Federal Court Decisions

Decision Information

Decision Content

 Date: 20120423


Docket: IMM-7184-10

Citation: 2012 FC 469

Ottawa, Ontario, April 23, 2012

PRESENT:     The Honourable Mr. Justice O'Reilly

 

 

BETWEEN:

 

RAHELA HAQUE

SHAHIDUL HAQUE

RAFIA HAQUE

 

 

 

Applicants

 

and

 

 

 

THE MINISTER OF CITIZENSHIP AND IMMIGRATION

 

 

 

Respondent

 

 

 

 

 

           REASONS FOR JUDGMENT AND JUDGMENT

 

I.          Overview

[1]               Ms. Rahela Haque and her husband, Shahidul, are citizens of Bangladesh. Their daughter, Rafia, was born in the United States. The family arrived in Canada in 2005 and applied for refugee protection, but a panel of the Immigration and Refugee Board denied their claim. They then applied for a pre-removal risk assessment [PRRA] but an immigration officer dismissed their application.
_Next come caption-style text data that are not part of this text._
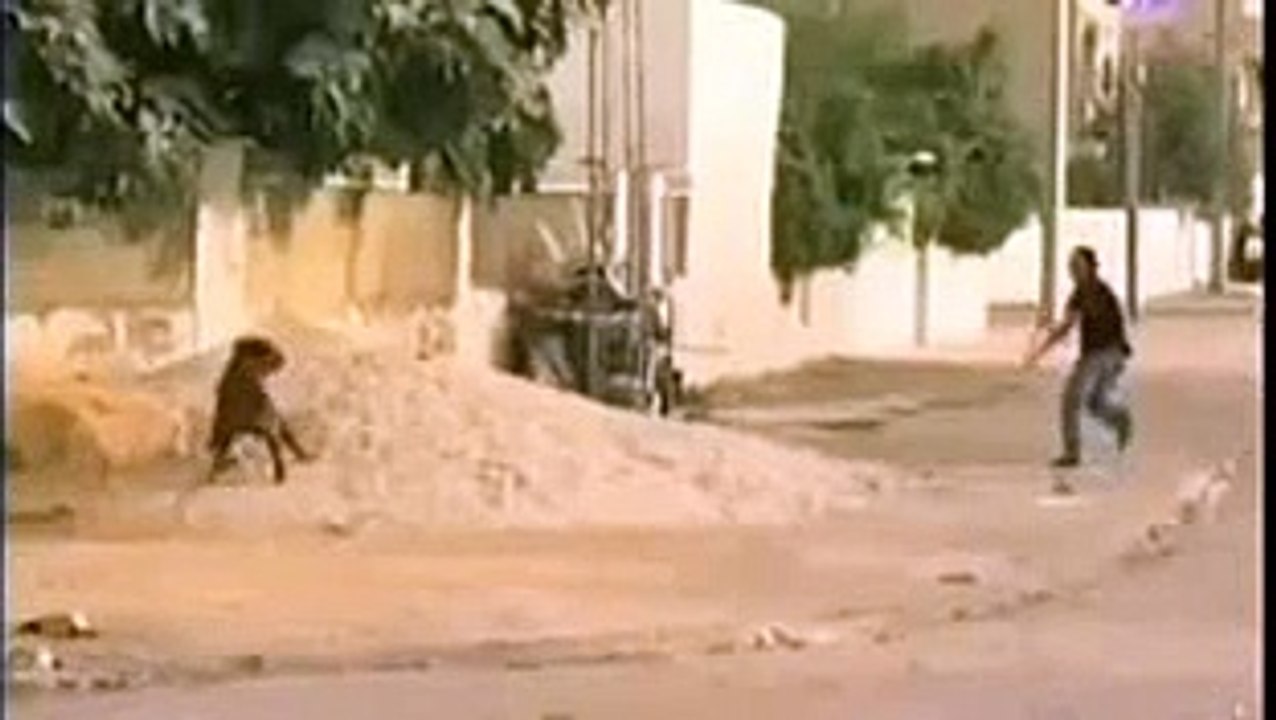 Funny Prank - Must Watch This (Video @ Hamariweb.com)_mpeg4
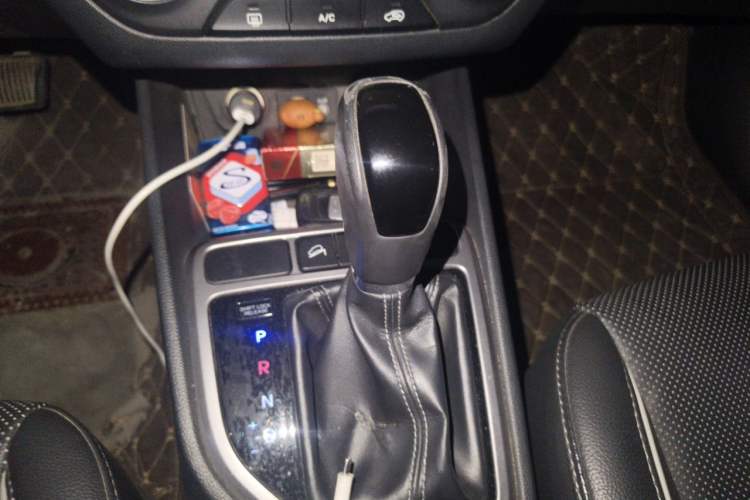 Used Hyundai ix25 2015 1.6L Automatic Two-Wheel Drive Smart GLS Trim Gear Lever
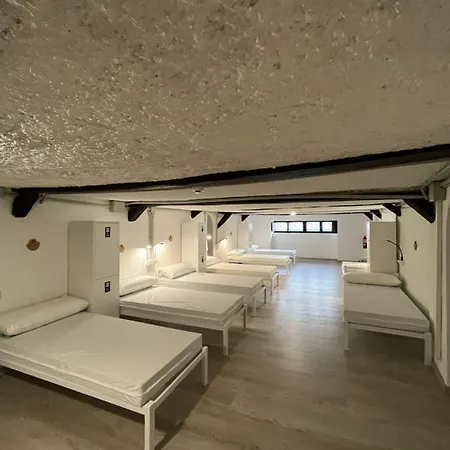 Porton Hostel Lugo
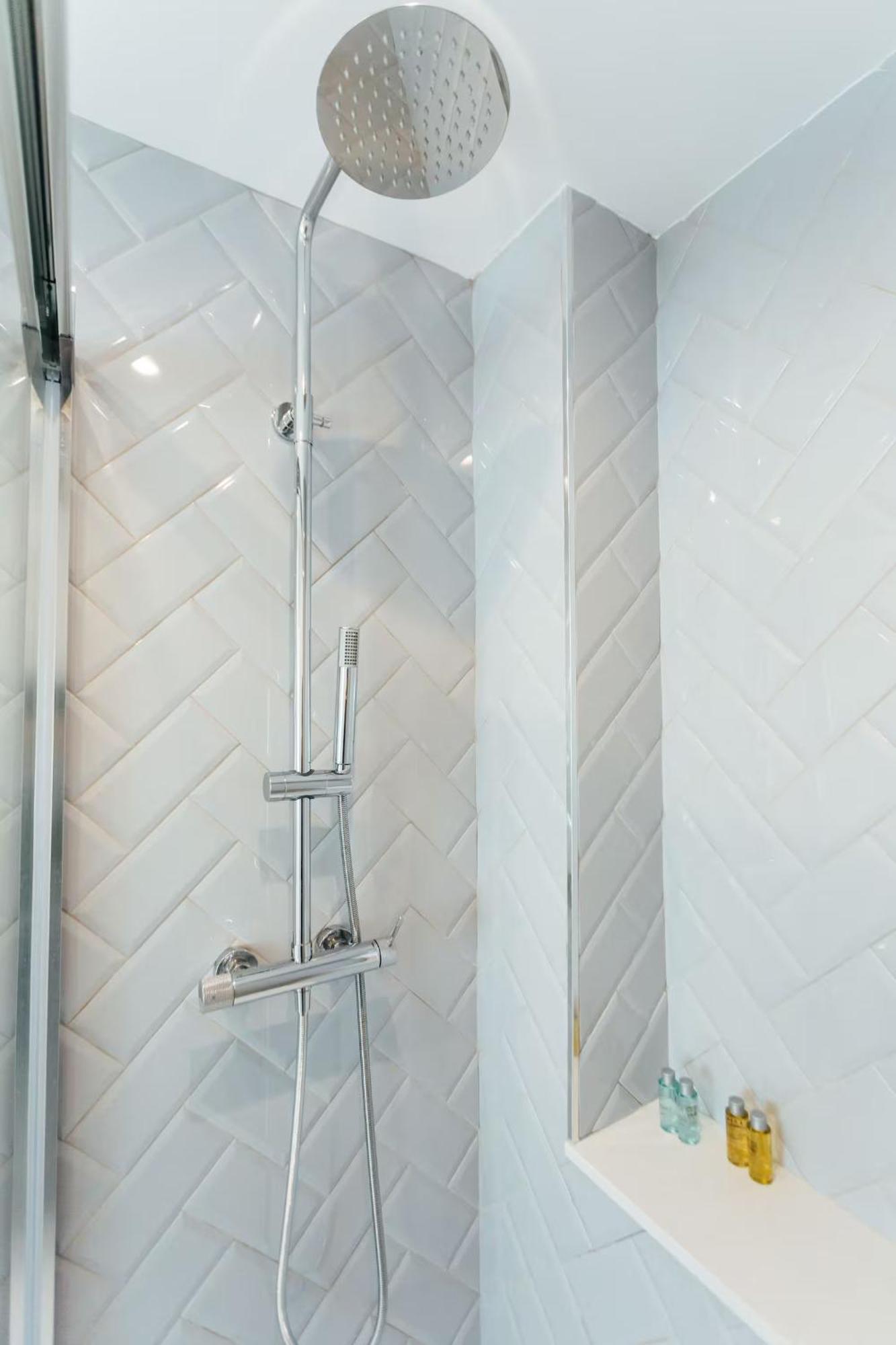 Reformed And Comfy- 2Bd 2Bth- Arenal Apartman Sevilla Kültér fotó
They then sought humanitarian and compassionate [H&C] relief, but the same officer found insufficient grounds to conclude that the applicants would experience unusual, undeserved or disproportionate hardship if they had to return to Bangladesh and apply for permanent residence from there.

 

[2]               The applicants submit that the same officer should not have dealt both with their PRRA and H&C applications. They say that this was unfair. The applicants also argue that the officer’s conclusion was unreasonable and contrary to positive decisions rendered in respect of their other family members. They ask me to quash the officer’s decision.

 

[3]               I can find no basis for overturning the officer’s decision. The officer did not treat the applicants unfairly. Further, the officer considered the various grounds advanced in the applicants’ submissions – the risk to the family in Bangladesh, the best interests of the children, and the degree to which they have become established in Canada – and concluded that they would not suffer serious hardship if they returned to Bangladesh to apply for permanent residence in the usual manner. I see no basis for finding the officer’s decision to be unreasonable. I must, therefore, dismiss this application for judicial review.

 

[4]               There are two issues:

 

            1.         Did the officer treat the applicants unfairly?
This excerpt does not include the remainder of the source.